**Data extracts**
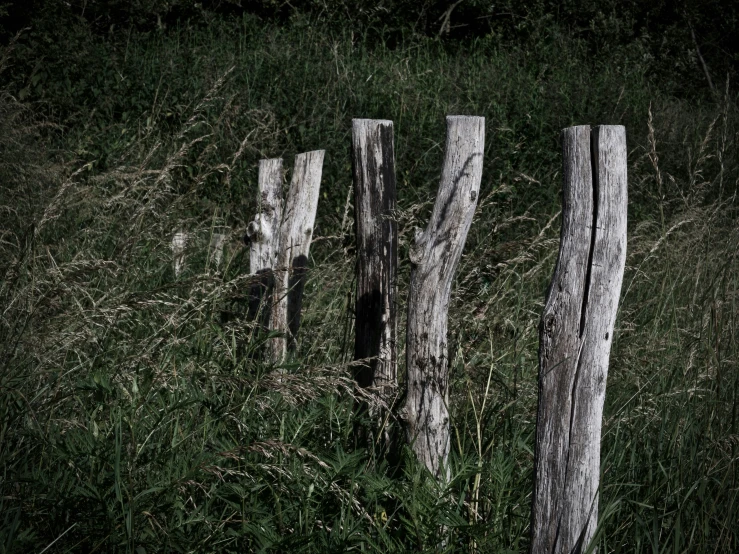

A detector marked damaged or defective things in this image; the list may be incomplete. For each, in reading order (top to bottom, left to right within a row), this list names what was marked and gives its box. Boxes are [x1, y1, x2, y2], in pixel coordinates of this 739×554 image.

short broken post [247, 157, 284, 324]
short broken post [268, 149, 322, 360]
short broken post [352, 118, 398, 450]
short broken post [404, 116, 486, 478]
short broken post [528, 125, 628, 552]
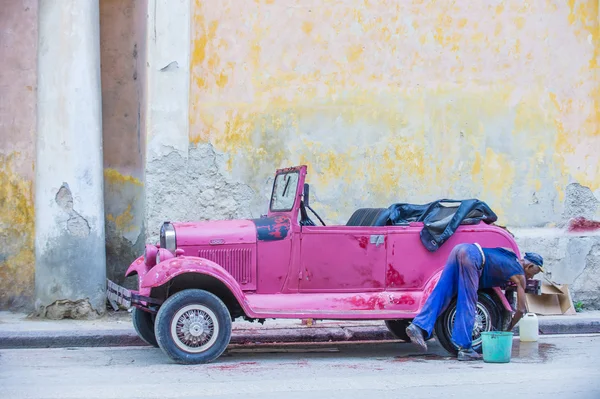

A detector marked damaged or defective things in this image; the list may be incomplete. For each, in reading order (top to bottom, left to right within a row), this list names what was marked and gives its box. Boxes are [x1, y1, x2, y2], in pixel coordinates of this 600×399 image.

peeling wall paint [0, 0, 37, 310]
peeling wall paint [186, 0, 596, 228]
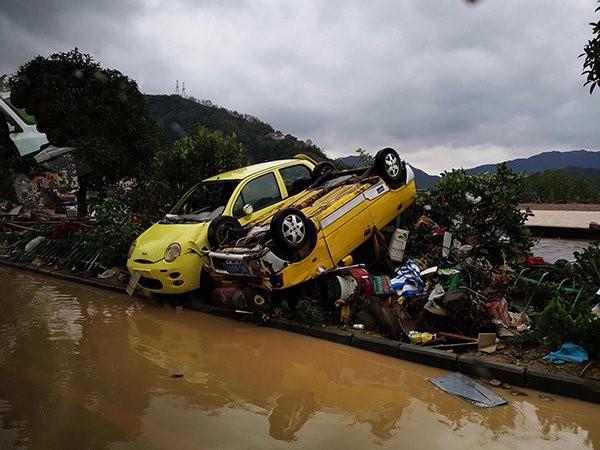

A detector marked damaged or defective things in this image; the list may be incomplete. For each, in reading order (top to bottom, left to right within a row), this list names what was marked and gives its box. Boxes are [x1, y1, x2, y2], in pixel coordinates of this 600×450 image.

damaged yellow car [125, 156, 314, 296]
wrecked vehicle [125, 156, 316, 296]
wrecked vehicle [204, 149, 414, 292]
overturned yellow car [203, 148, 418, 292]
damaged yellow car [203, 149, 418, 292]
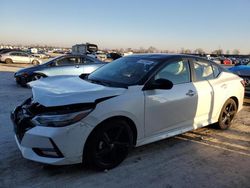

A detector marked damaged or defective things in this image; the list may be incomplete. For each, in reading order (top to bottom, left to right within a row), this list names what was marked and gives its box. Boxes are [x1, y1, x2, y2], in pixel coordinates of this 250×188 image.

damaged front end [10, 98, 95, 142]
cracked headlight [31, 108, 92, 128]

**Your assignment**
Give again, word for word, every line from the one holding "this 250×188 image." to the end of the data.

**Reply to the exercise**
A detector marked damaged or defective things in this image; the list may be incomplete. For each, in reading order (top to bottom, left to right within a row), this list names what was marked and gives its box. Boxes are [x1, y1, x2, y2], in pixel coordinates of this 250×188 image.

damaged front end [10, 98, 95, 142]
cracked headlight [31, 108, 92, 128]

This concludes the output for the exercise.